To summarize, differential word co-occurrence during MTS training did not produce differential frequencies of T2, T4, or T5/2 associative intrusions (with a possible exception of infrequent T4 intruding among participants in the partial achievement group). However, the results do indicate that semantically-related T3 words were most likely to indirectly acquire the T1 remembering function, at least among those participants in the partial and full achievement groups. Thus, at higher levels of MTS training achievement, the MTS training procedure was able to produce specific semantic false memory phenomena in the form of elevated T3 intrusions.
Perfect performance on the recognition task would require participants to correctly recognize all 12 of the T1 words without making any T2, T3, T4, or T5 false positive recognitions, indicating that a remembering function was acquired by all of the T1 words with no indirect acquisition of the remembering function by any other words. We expected the results of the recognition test to run parallel to those of the free recall test. Since 12 words of each Type were presented during the recognition task, no adjustments were made to T5 means for recognition analyses. Figure 5 shows the mean number of T2, T3, T4, and T5 false positive recognitions for each group.

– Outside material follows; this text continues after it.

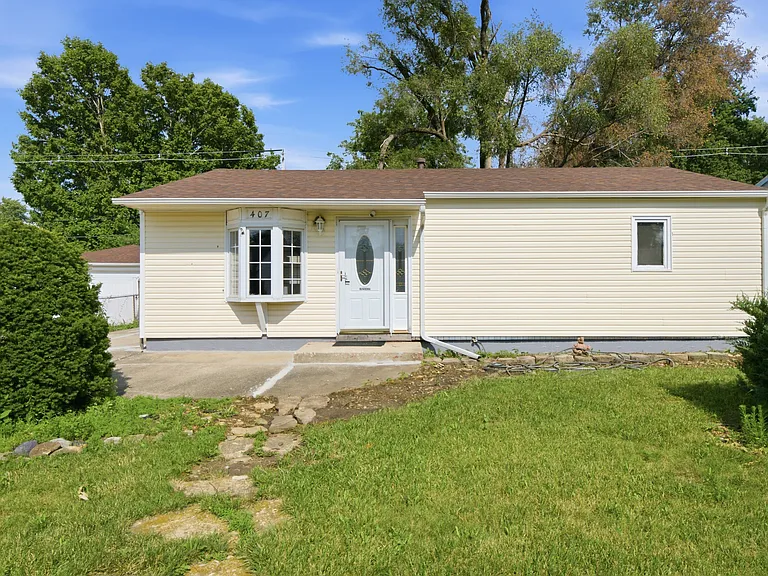 407 Laurel Ave — Photo 1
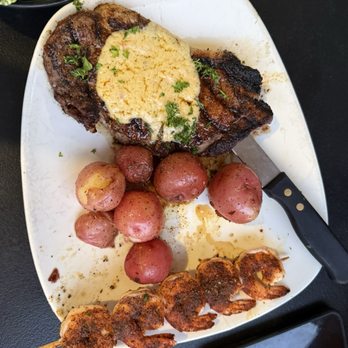 Doc's Seafood & Steaks - Seafood Near Me - Corpus Christi, Texas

A 3 × 4 (group by word Type) mixed-design ANOVA with a Greenhouse-Geisser correction for sphericity indicated a significant main effect of group, F(2, 54) = 6.32, p = .003, partial η2 = .19, and a significant main effect of word Type, F(1.46, 78.84) = 25.57, p < .001, partial η2 = .32. However, these main effects must be interpreted in light of a significant interaction between group and word Type, F(2.92, 78.84) = 6.27, p = .001, partial η2 = .19. Post hoc analyses of the simple main effect of word Type at each level of group were conducted using pairwise comparisons, a Bonferroni correction, and a critical alpha of .05. Among those participants who failed training, there were no significant differences in mean number of T2, T3, T4, and T5 false positive recognitions. Among those participants in the partial and full achievement groups, the mean number of T3 intrusions was significantly greater than the mean number of T2, T4, and T5 intrusions, which did not significantly differ from each other. The recognition results were therefore similar to the free recall results.

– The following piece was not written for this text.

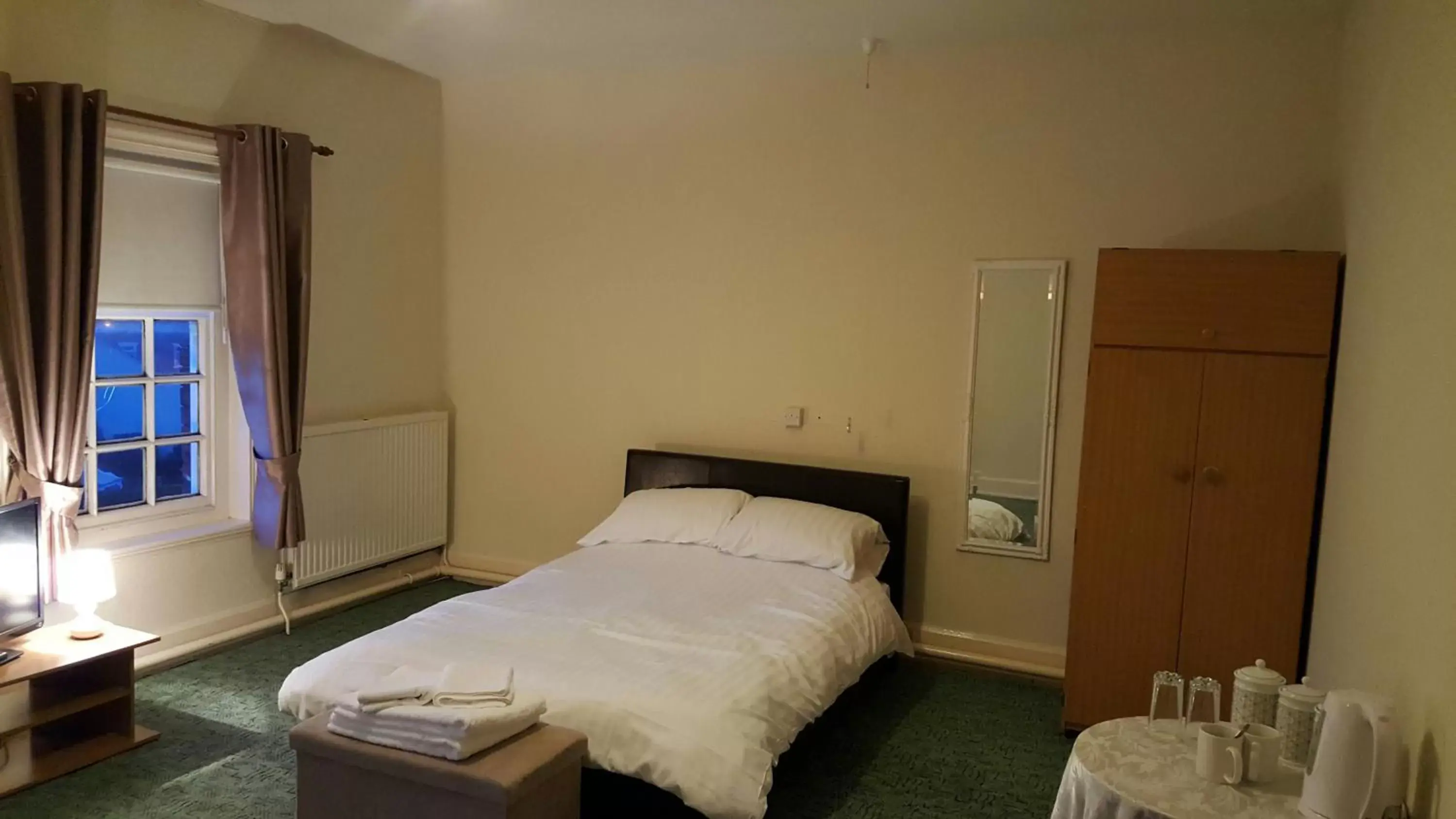 Photo of the whole room, Bed in Station Hotel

Many previous studies show that semantic relatedness predicts the likelihood of memory intrusions (e.g., Deese, 1959a, 1959b; McEvoy, et al., 1999; Roediger & McDermott, 1995; Zaromb et al., 2006). Most research on false memory, however, has relied upon preexisting semantic relatedness that was presumably based in preexperimental linguistic experiences. By contrast, in the present investigation, semantic relatedness was built from the ground up through MTS training, which established derived semantic relations and permitted the transfer of stimulus functions. By treating semantic relatedness as a dependent variable rather than an independent variable, we were able to manipulate specific environmental variables in order to produce specific false memories.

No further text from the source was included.